Inciso cinematográfico: "The Windermere Children", dirigida por Michael Samuels.

 En Enero pasado se cumplió el setenta y cinco aniversario de la liberación del Campo de exterminio de Auschwitz. Con fin de rememorar para que nunca se repita un horror semejante (en realidad, cualquiera en la que un grupo de seres humanos se considere superior a otro y decida exterminarlo) se han repuesto multitud de películas sobre el Holocausto (la Shoah, según los judíos), algunas mejores que otras, con muy diferentes presupuestos y distintos enfoques; también se han estrenado algunas cintas. Uno de estos enfoques no muy manidos es la de la solidaridad de aquellos ciudadanos de bien que, horrorizados ante la masacre, trataron de dar una segunda vida a aquellos que habían tenido la fuerza y fortuna de sobrevivir a la barbarie. The Windermere Children narra una historia real sobre setecientos chicos que fueron refugiados en el Distrito de los Lagos de Inglaterra, en un paisaje paradisíaco (teniendo en cuenta el clima predominante en la "pérfida Albión"), la amistad que surgió entre ellos y, en última instancia, la capacidad del ser humano para superar traumas aparentemente insuperables.
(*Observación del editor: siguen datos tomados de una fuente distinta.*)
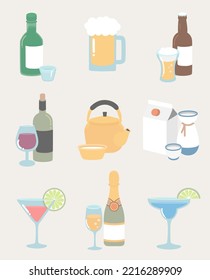 Various liquor bottles and glasses illustration flat icon set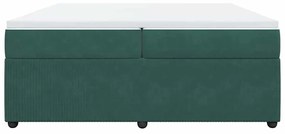 Cama com molas/colchão 200x200 cm veludo verde-escuro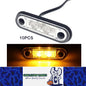 10 x Amber LED Side Marker Lamps 82x27mm 12V-24V LED Side Marker Signal Lights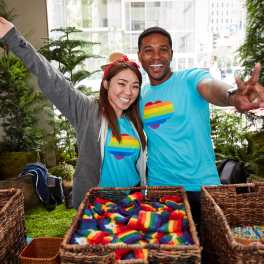 Salesforce employees took part in 2019 Pride with swag created for the celebrations.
Imagen tomada del sitio www.base.com
 La cinta narra de forma eficiente el drama de los chicos (adolescentes en su mayoría) sin caer en sensiblería alguna. La fotografía es excepcional, dados los maravillosos paisajes circundantes; el elenco actoral es más que aceptable, con pocos actores consagrados (Iain Glen, Thomas Kretschmann o Tim McInnerny) y un verosimil grupo de jóvenes promesas de la interpretación polacas y alemanas. 
 Aunque no hay sensiblerías, es una película dura, como no podía ser de otra forma, los chicos sufren en sus sueños todo tipo de pesadillas que los acosan sin piedad; sin piedad también los acosan otros chicos del pueblo, locales que no aprueban el trato deferente que se da a los supervivientes; y los adultos (judíos o no) que les recuerdan que no tendrán trato de favor alguno por haber sido torturados en campos de exterminio nazis o por haber perdido a toda su familia a tan temprana edad. En este último papel está el actor Iain Glen (el sólido Jorah Mormont de Juego de tronos), como el del entrenador de fútbol que descubre un chico con futuro deportivo.
Imagen tomada del sitio www.newstatesman.com
 En definitiva, una aproximación diferente y original, pero no marginal, al tema del Holocausto; como decía antes, un recordatorio de hasta dónde puede llegar la maldad humana y, por otro lado, la capacidad de regeneración y resiliencia del mismo ser humano.